Aquella primera homilía de Juan Pablo II, al inaugurar su pontificado, el 22 de octubre de 1978, fue un verdadero revulsivo para la vida de la Iglesia, un empuje, un vigor, una fuerza incontenible.
Sus palabras sobre Cristo se pueden definir, muy bien, como kerygmáticas: el anuncio central de Jesucristo. Y como la santa Pascua del Señor es el tiempo del kerygma, del anuncio del Señor resucitado, centro y vida de la Iglesia, centro y vida del hombre y de todo hombre, las volvemos a traer aquí.
Son palabras poderosas, pronunciadas con contundencia.
Son palabras para ser conmovidos, zarandeados, por la fuerza del Espíritu Santo.
Son palabras proféticas que inauguraron una nueva etapa en la vida de la Iglesia.
Son palabras que hoy igualmente pueden cuestionarnos.
¿Nos abrimos interiormente a este anuncio? ¿Las acogeremos como si fueran la primera vez que las oímos y las leemos?
Nuestro tiempo nos invita, nos impulsa y nos obliga a mirar al Señor y a sumergirnos en una meditación humilde y devota sobre el misterio de la suprema potestad del mismo Cristo.
El que nació de María Virgen, el Hijo del carpintero – como se le consideraba –, el Hijo del Dios vivo, como confesó Pedro, vino para hacer de todos nosotros «un reino de sacerdotes».
El Concilio Vaticano II nos ha recordado el misterio de esta potestad y el hecho de que la misión de Cristo –Sacerdote, Profeta-Maestro, Rey– continúa en la Iglesia. Todos, todo el Pueblo de Dios participa de esta triple misión. Y quizás en el pasado se colocaba sobre la cabeza del Papa la tiara, esa triple corona, para expresar, por medio de tal símbolo, el designio del Señor sobre su Iglesia, es decir, que todo el orden jerárquico de la Iglesia de Cristo, toda su "sagrada potestad" ejercitada en ella no es otra cosa que el servicio, servicio que tiene un objetivo único: que todo el Pueblo de Dios participe en esta triple misión de Cristo y permanezca siempre bajo la potestad del Señor, la cual tiene su origen no en los poderes de este mundo, sino en el Padre celestial y en el misterio de la cruz y de la resurrección.La potestad absoluta y también dulce y suave del Señor responde a lo más profundo del hombre, a sus más elevadas aspiraciones de la inteligencia, de la voluntad y del corazón.

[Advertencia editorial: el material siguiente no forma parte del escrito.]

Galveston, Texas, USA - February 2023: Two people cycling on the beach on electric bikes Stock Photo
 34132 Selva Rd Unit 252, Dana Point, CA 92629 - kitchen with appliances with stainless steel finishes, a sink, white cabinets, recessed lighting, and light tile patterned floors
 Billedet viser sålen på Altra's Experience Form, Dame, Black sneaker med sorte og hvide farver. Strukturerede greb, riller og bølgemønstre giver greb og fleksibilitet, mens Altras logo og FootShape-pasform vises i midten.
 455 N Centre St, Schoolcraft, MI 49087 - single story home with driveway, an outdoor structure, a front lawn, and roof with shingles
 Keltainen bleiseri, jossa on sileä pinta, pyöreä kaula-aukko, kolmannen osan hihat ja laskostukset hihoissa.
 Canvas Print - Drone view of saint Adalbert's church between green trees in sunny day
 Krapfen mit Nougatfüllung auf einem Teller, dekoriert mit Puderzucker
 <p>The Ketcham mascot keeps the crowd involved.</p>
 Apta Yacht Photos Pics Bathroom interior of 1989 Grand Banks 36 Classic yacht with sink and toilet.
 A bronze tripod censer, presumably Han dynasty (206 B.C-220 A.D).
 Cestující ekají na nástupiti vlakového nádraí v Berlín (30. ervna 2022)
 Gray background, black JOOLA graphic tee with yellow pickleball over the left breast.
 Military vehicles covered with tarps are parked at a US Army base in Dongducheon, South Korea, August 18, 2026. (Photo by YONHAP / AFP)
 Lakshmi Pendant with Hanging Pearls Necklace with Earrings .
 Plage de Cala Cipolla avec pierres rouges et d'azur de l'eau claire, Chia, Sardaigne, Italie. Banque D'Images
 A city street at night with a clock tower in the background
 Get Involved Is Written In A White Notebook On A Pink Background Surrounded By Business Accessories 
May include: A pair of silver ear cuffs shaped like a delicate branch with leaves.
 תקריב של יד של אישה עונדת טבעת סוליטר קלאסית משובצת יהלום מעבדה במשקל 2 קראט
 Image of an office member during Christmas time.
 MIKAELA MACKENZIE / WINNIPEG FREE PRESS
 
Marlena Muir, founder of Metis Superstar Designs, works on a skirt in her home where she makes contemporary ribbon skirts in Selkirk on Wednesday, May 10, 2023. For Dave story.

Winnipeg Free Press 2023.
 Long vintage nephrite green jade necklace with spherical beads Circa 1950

Esta potestad no habla con un lenguaje de fuerza, sino que se expresa en la caridad y en la verdad...¡Hermanos y hermanas! ¡No tengáis miedo de acoger a Cristo y de aceptar su potestad!
¡Ayudad al Papa y a todos los que quieren servir a Cristo y, con la potestad de Cristo, servir al hombre y a la humanidad entera!
¡No temáis! ¡Abrid, más todavía, abrid de par en par las puertas a Cristo! Abrid a su potestad salvadora los confines de los Estados, los sistemas económicos y los políticos, los extensos campos de la cultura. de la civilización y del desarrollo. ¡No tengáis miedo! Cristo conoce «lo que hay dentro del hombre». ¡Sólo El lo conoce!
Con frecuencia el hombre actual no sabe lo que lleva dentro, en lo profundo de su ánimo, de su corazón. Muchas veces se siente inseguro sobre el sentido de su vida en este mundo. Se siente invadido por la duda que se transforma en desesperación. Permitid, pues, – os lo ruego, os lo imploro con humildad y con confianza – permitid que Cristo hable al hombre.
¡Sólo El tiene palabras de vida, sí, de vida eterna!
Este anuncio, si se acoge, nos puede transformar. A nosotros, sí, pero también transformar las conciencias adormecidas, la vida pastoral de la Iglesia que se ve secularizada en sus acciones; transformar la presencia pública de los católicos en la vida social, cultural, artística... Sería una traición a Cristo escondernos en las sacristías y no salir a la plaza pública.
¡Cristo!
Cristo es Aquél a quien necesitan los hombres. Porque sólo Cristo sabe y conoce lo que hay en el interior de cada hombre, su sed y sus búsquedas.